## TO DO
All that is wanted is the exact text of the lines below from the one with "Golgotavirág otthon Passionflower" through the one with "المصنع استقبل 830 ألف طن قصب من المزارعين", inclusive, minus any pictures.

## Brief descriptive captions
○ ○ ○ ○ ○ ○ ○
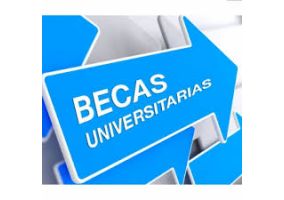 Ampliar información de Ayudas complementarias a estudiantes para la realización de estudios universitarios fuera de la Comunidad Autónoma de La Rioja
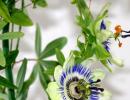 Golgotavirág otthon Passionflower blue cavalier csillag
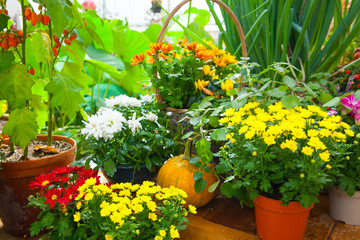 Fototapeta na wymiar Seasonal farmers market goods display. Colorful flowers for autumn holiday decorations at the agriculture fair. Harvest concept.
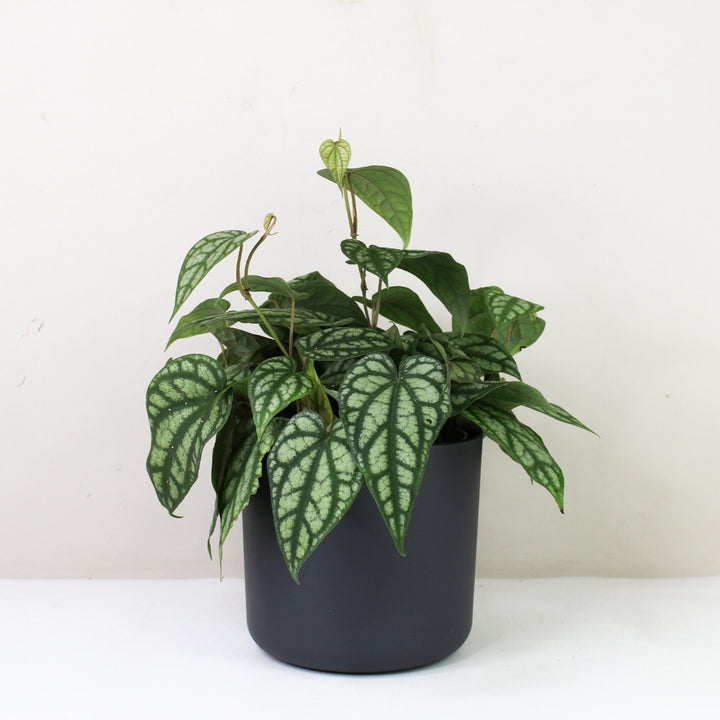Piper Sylvaticum M / Topf anthrazit Foliage Dreams
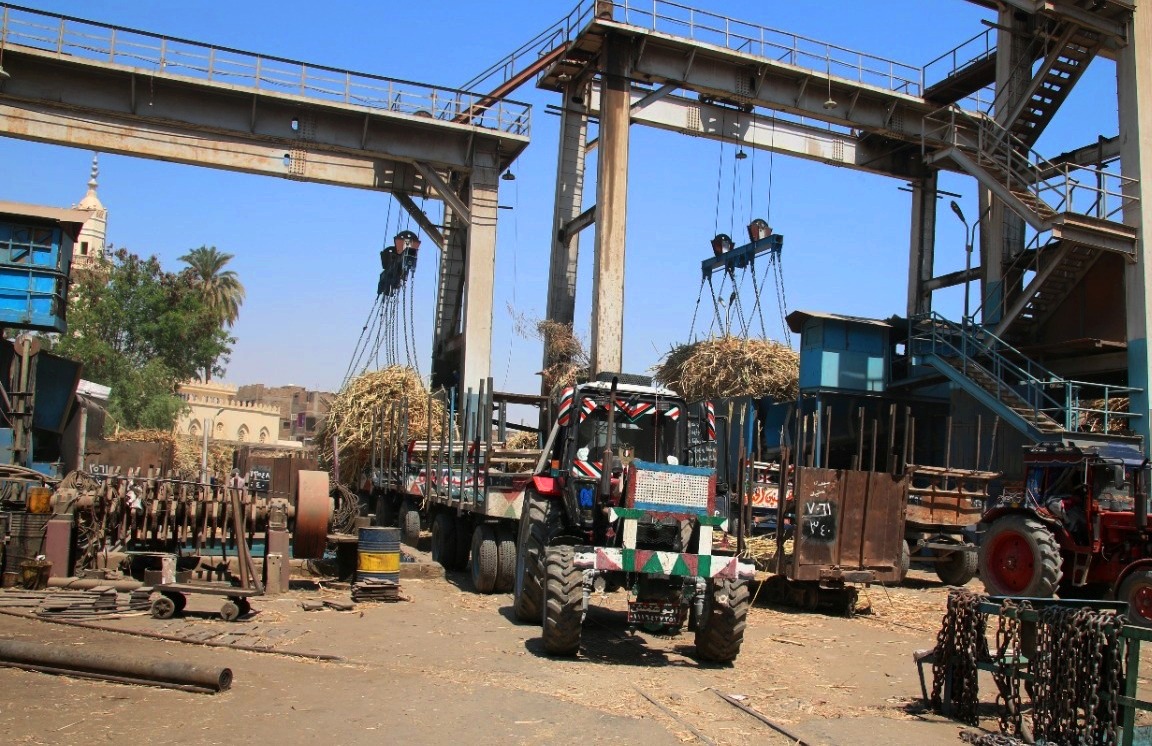 المصنع استقبل 830 ألف طن قصب من المزارعين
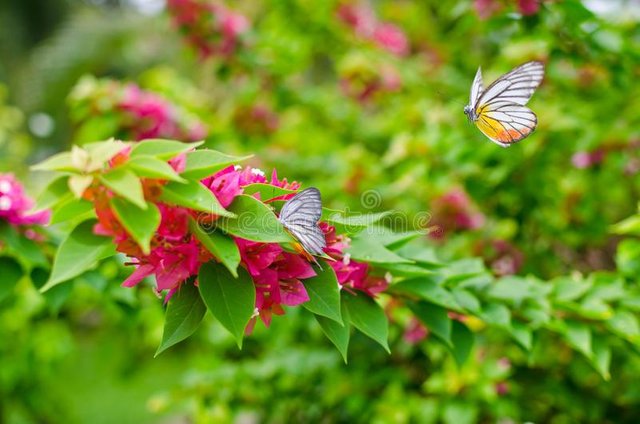 bougainvillea-butterfly-butterflies-enjoying-bougainvellea-nature-41434734.jpg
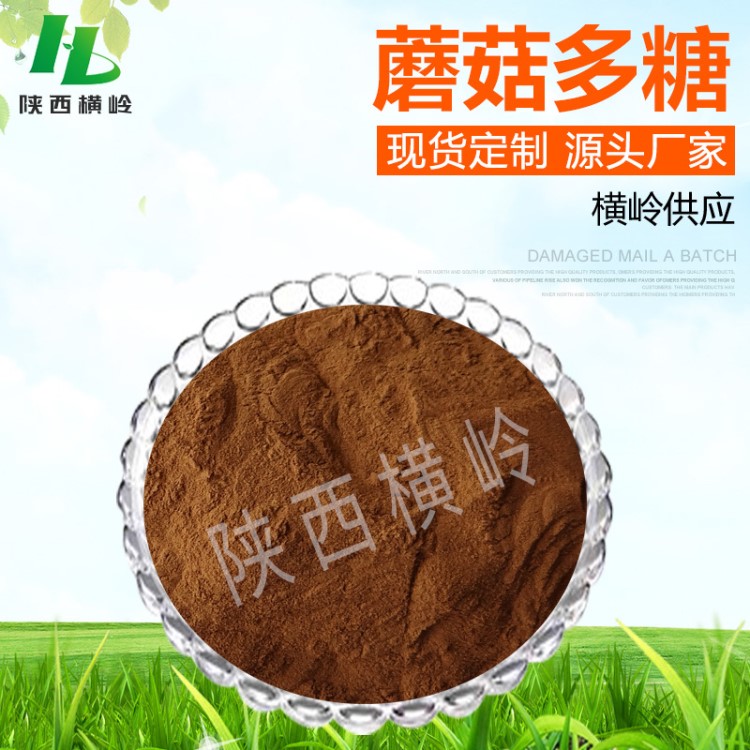 蘑菇提取物 50%含量蘑菇多糖 廠家供應 雙孢蘑菇萃取 蘑菇多糖粉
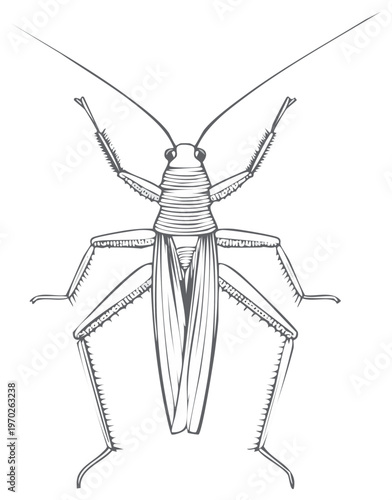 Detailed line drawing of a grasshopper with long antennae and textured wings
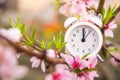 The concept of the beginning of spring. Alarm clock on a flowering branch close-up and copy space. White clock and flowers as a po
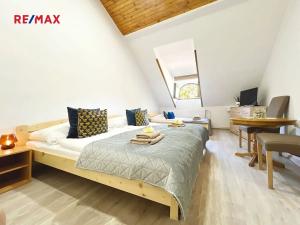 Pronájem atypického bytu, Volary, K. V. Raise, 392 m2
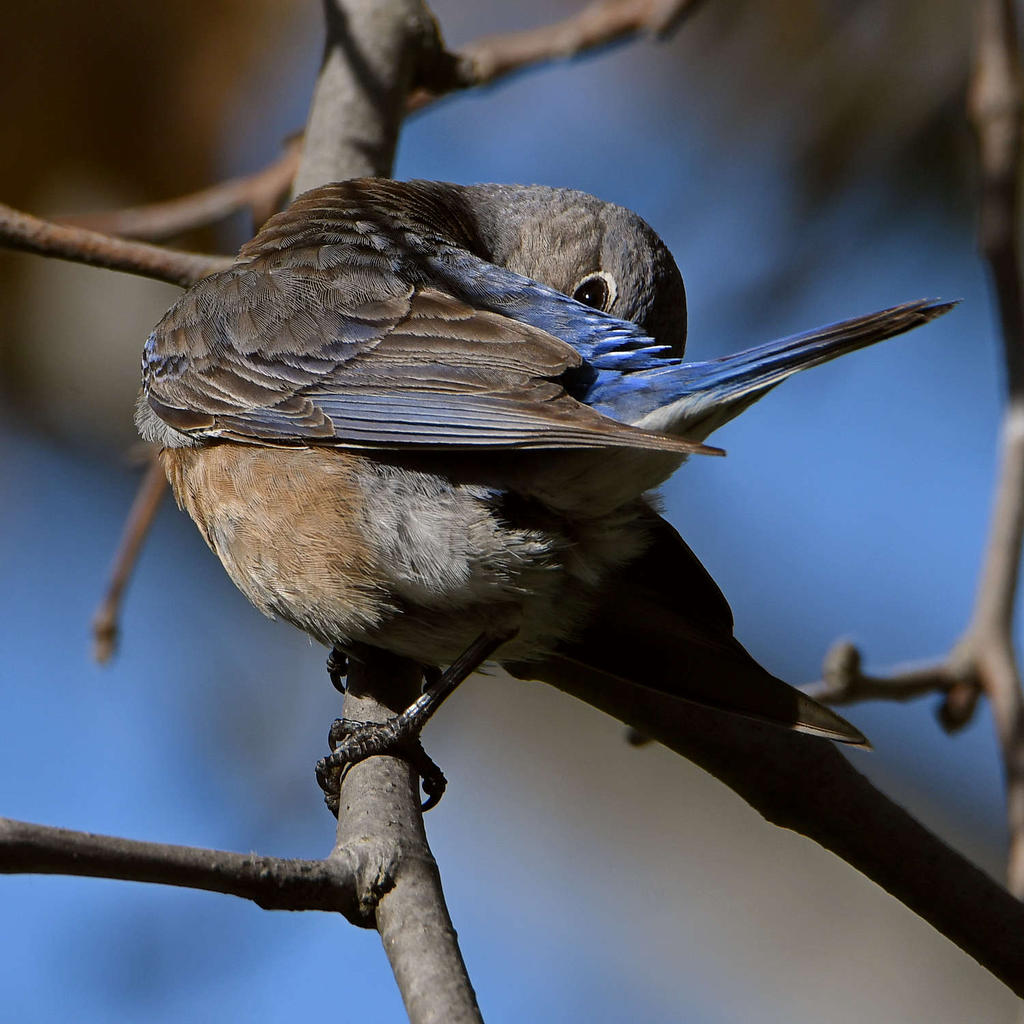 Bluebird.jpg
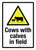 Cows With Calves In Field with Hazard Icon Portrait - Wall Sign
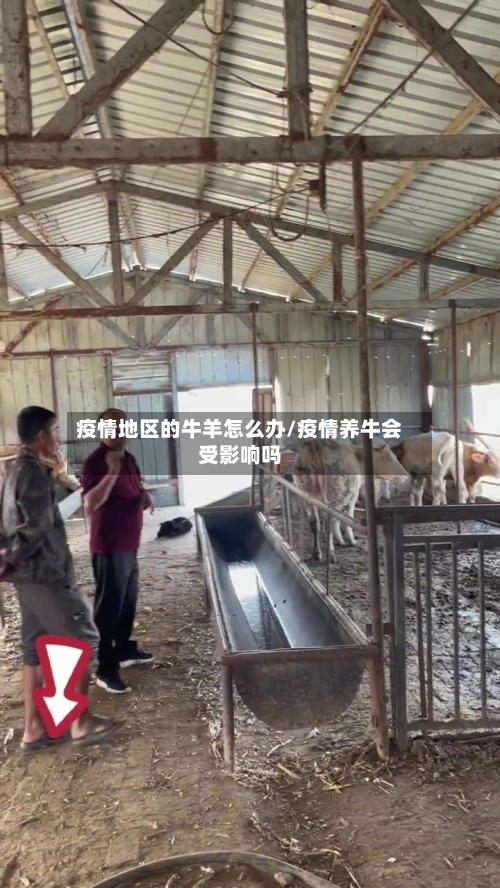 疫情地区的牛羊怎么办/疫情养牛会受影响吗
○ ○ ○ ○ ○ ○ ○
## RESPONSE AREA
 Golgotavirág otthon Passionflower blue cavalier csillag
 Fototapeta na wymiar Seasonal farmers market goods display. Colorful flowers for autumn holiday decorations at the agriculture fair. Harvest concept.
Piper Sylvaticum M / Topf anthrazit Foliage Dreams
 المصنع استقبل 830 ألف طن قصب من المزارعين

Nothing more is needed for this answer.